Sunday, August 2, 2015

With Judgement For All

  My friend Brad asked for an essay? I can count on one finger of one hand the number of times that has happened . . .
  There was a group discussion today, and it was one of those rambling types. One thing kinda leads into another, and pretty soon you are all over the map. I love discussions like that! It would be difficult to summarize the give and take fairly, and who wants to be accused of saying that someone "said something", or to be found implying a view in them which just ain't so? Thus, we will leapfrog right over the drifty wandering aspects of the talk and cut right to the chase. . . sort of.
  Hot air balloons were designed to ascend, and race cars were built to accelerate. Though we were built to sprint; often we trudge. There is something disturbing I think in watching a balloon scuff the ground, and drift sideways with the wind.
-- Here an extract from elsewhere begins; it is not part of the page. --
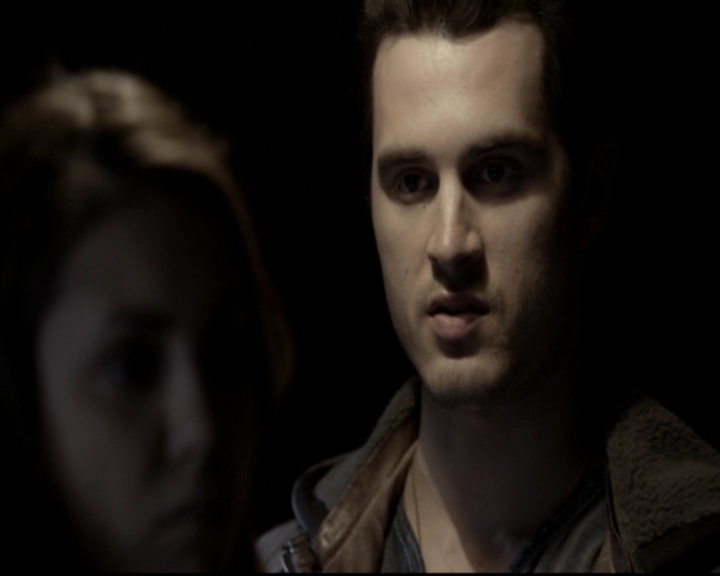 VampireDiariesWorld-dot-org_5x20WhatLiesBeneath0717.jpg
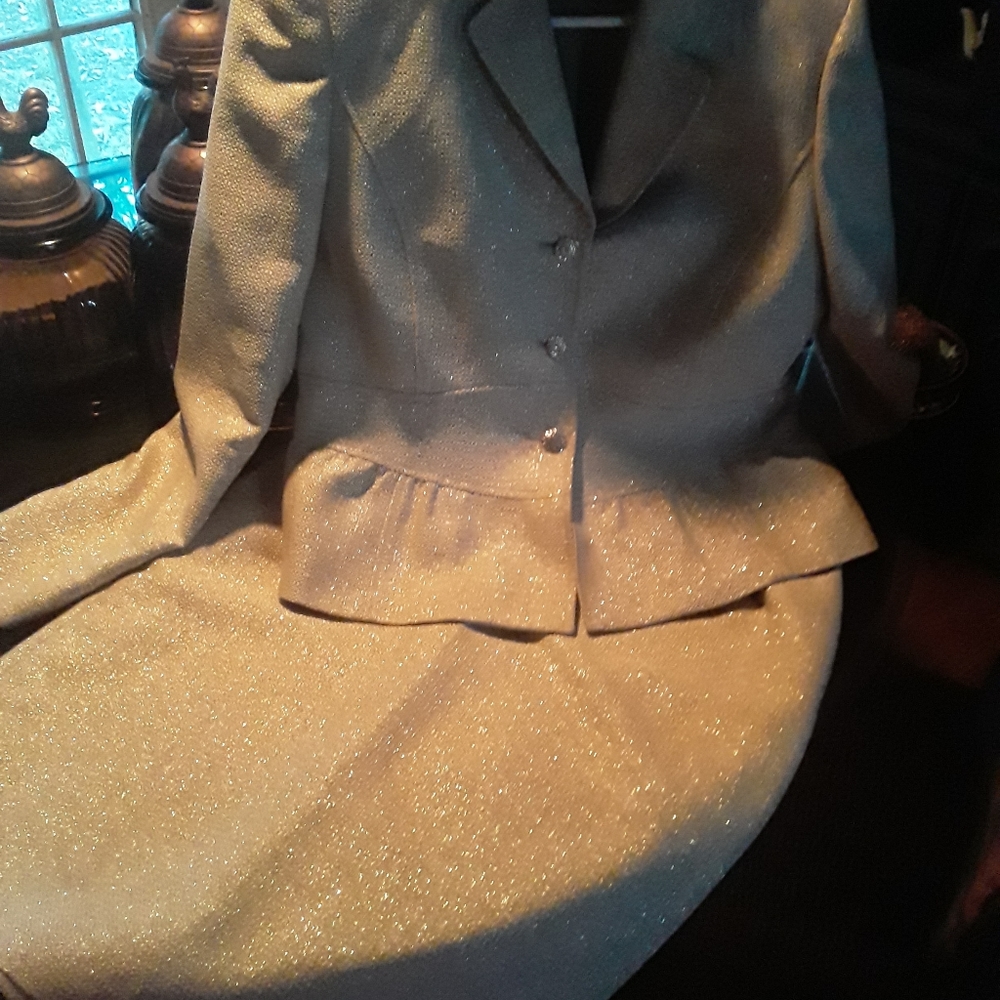 Kasper Suit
It is supposed to rise, and ride the currents aloft, not bounce and bump along; dragging the load. There is a disconcerting sense of "waste" in me when I see a car designed for 200 plus m.p.h., stumbling along at barely a tenth of that. Likewise, with us.
  When we watch a world class sprinter pull a hamstring or turn an ankle, the wobbly limping, and the hobbling along is heartbreaking to observe. There is so much more he "could have done" if-only, and if-only. The if-onlies of our lives act as an "explanation" of why we were dragging and bumping along, of why we were stuck in first gear and could not locate the gas pedal.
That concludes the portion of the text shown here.